Tuesday, July 20, 2010

Computer Cat

I'll be uploading photos and videos and some writing challenges from the Midwest trip soon. There are a couple I'm really anxious to share. But today is catch up day. I've worked on the mentor program that Nevada SCBWI runs and on our new e-list system to communicate with our members. I've cut flowers and assessed our weeds (pulled only a very few, I'm afraid.) My cat is stretched out behind my computer key board. He's very happy. I am too. I'm completely in catch up mode.

And I'm so ready to get working on one of my current projects. What's in the pipeline? China's Daughters, a non-fiction book of short biographies of 17 (I think) Chinese women and how their lives illuminate their particular historic time will be published, probably in early 2011 - that's a guess - by Pacific View Press in San Francisco. It's done. YAY! Sierra Blue, the story of a teen aged girl who saves a race horse and couple of her friends along the way, is out on submission. Face Off, set in the Arctic is about a boy who, abandoned by his birth father, works through his anger on the ice hockey rink and on the sea ice when he faces a rogue polar bear. That one is in the process. I'm holding myself back from starting another project - too many voices to keep in my head - but am anxious to get to writing regularly again soon.

Here's a tip from my process - and every writer's process is different. When I have an idea for a book - a setting and some sense of the plot - then I spend quite a while exploring my characters. I may write 20 pages about my main character, maybe 50 pages, before I start my first chapter. I want to know that person very well. I want to think like he or she does and know how she sounds.
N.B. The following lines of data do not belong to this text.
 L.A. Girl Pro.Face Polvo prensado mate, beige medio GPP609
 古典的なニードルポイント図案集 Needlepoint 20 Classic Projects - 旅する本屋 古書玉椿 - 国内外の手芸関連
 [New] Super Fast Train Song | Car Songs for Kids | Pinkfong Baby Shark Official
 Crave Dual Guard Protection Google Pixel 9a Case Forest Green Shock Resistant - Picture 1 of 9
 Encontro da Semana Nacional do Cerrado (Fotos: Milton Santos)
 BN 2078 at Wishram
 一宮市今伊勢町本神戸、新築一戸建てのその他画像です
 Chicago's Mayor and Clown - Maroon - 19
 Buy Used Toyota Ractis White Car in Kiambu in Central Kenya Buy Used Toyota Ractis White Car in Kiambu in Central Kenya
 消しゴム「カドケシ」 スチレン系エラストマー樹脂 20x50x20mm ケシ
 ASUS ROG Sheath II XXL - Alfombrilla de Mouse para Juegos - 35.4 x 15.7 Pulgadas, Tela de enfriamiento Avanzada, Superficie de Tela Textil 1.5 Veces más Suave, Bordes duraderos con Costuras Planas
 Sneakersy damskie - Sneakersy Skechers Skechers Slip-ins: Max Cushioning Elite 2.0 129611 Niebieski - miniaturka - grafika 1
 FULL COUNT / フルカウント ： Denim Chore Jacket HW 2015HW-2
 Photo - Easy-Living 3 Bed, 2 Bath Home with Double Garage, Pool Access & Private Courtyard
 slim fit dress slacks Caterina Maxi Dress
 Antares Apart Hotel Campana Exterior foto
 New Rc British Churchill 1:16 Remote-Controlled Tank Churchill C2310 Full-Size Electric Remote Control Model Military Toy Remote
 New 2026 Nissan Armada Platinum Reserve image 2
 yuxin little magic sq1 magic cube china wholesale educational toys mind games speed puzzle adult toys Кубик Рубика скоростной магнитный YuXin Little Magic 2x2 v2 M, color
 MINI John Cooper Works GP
Try this exercise: Choose two people who talk differently - say your best friend and your grandfather. Maybe those two people grew up in different places, or maybe you have a friend who is always trying out the latest cool words and phrases. Imagine a scene - make it dramatic - maybe an auto accident of the last minute of a football game and the home team fumbles the ball. Write it out twice - the way each of your people would describe it. Their words should be different, maybe their reactions are different, even though they are talking about the exact same thing. This is the basis of voice and point of view. If you don't get how this works the first time, try again. Writing well takes practice and it's ok if your first pages aren't very good. Professional writers almost always start with lousy paragraphs and make them better. That's the key.

1 comment:

Vaquerogirl said...

Sounds like there is a lot in the mix! Luck to you!